What is being asked = Each line below from the line with "Adrenalin 2: Rush Hour Adrenalin" to the line with "Ferielejlighed - 4" must be copied exactly, including those two, and no picture may appear in the copy.

Given data =
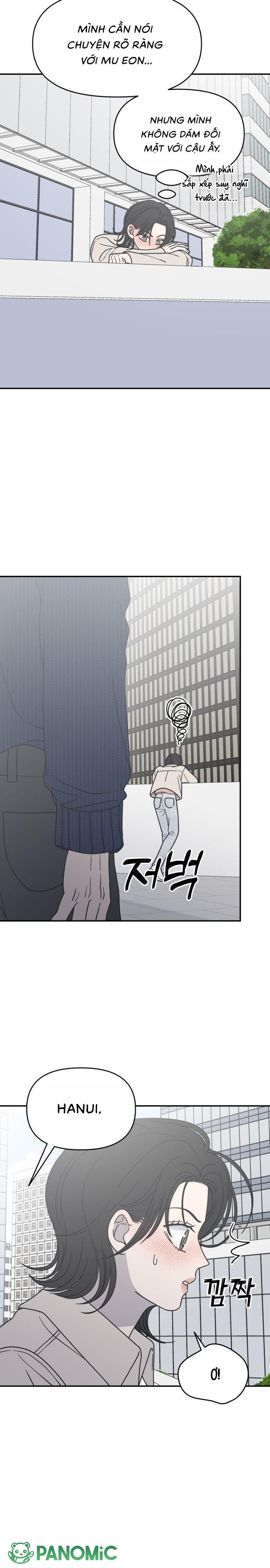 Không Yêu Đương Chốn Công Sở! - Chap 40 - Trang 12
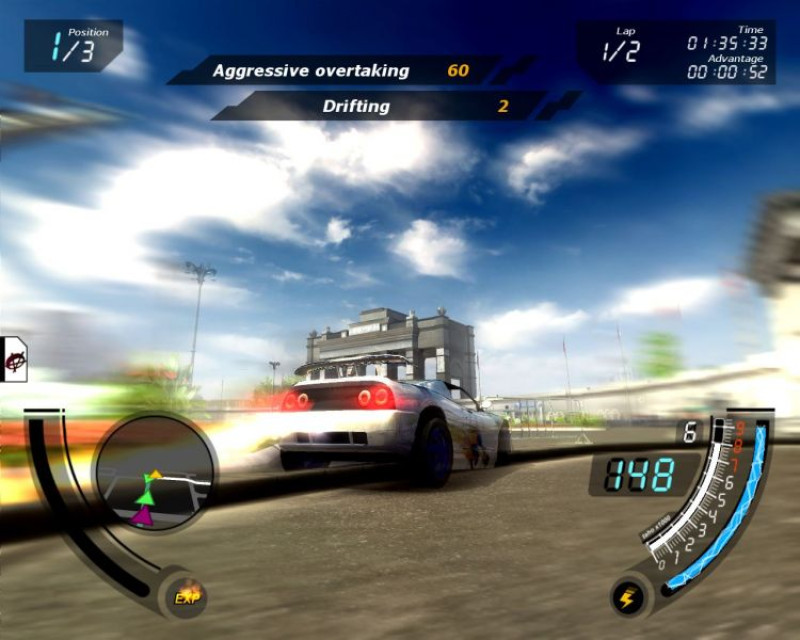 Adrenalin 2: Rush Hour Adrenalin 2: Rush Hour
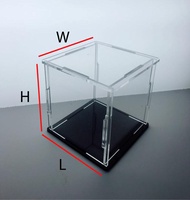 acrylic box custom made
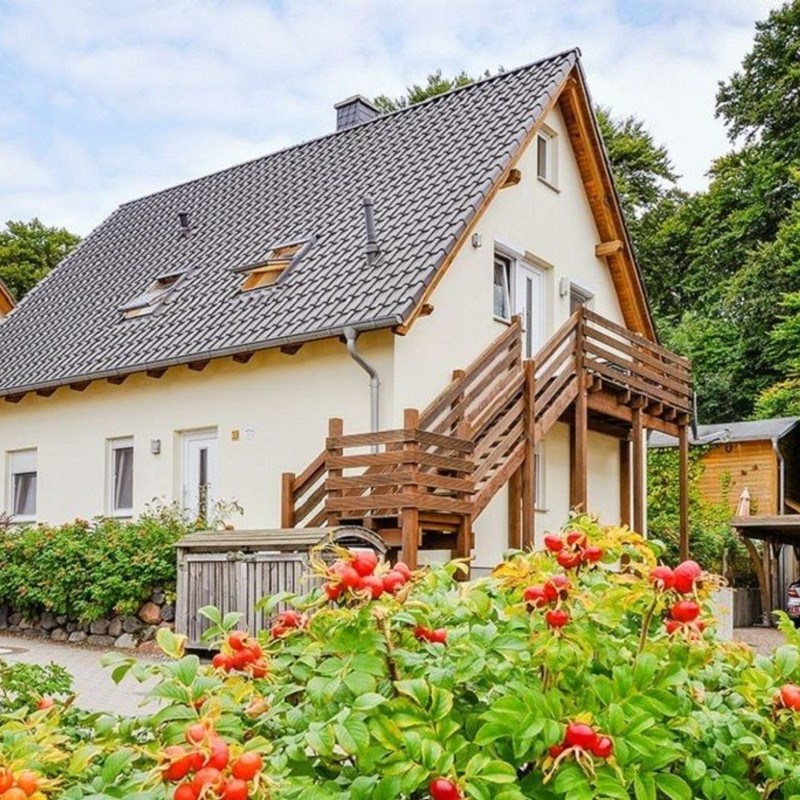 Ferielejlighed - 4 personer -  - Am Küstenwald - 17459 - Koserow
...
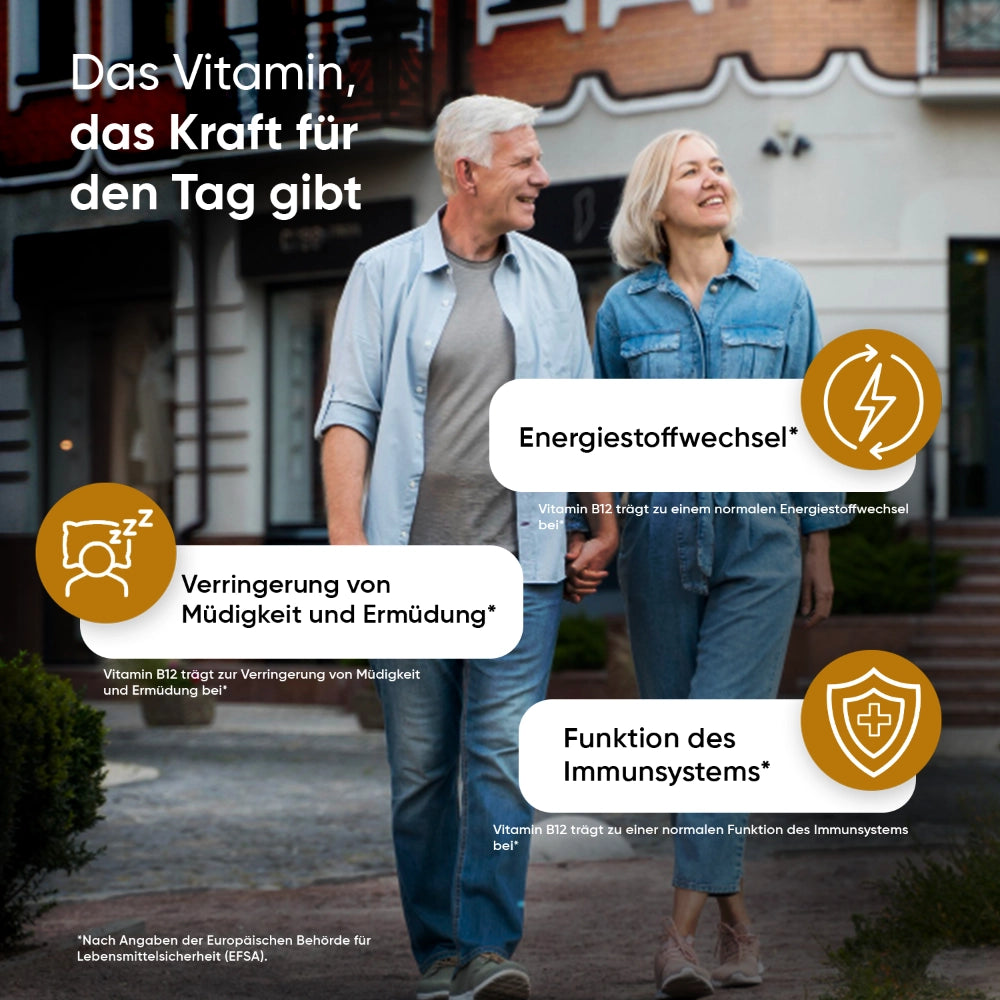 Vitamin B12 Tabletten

Exercise result =
 Adrenalin 2: Rush Hour Adrenalin 2: Rush Hour
 acrylic box custom made
 Ferielejlighed - 4 personer -  - Am Küstenwald - 17459 - Koserow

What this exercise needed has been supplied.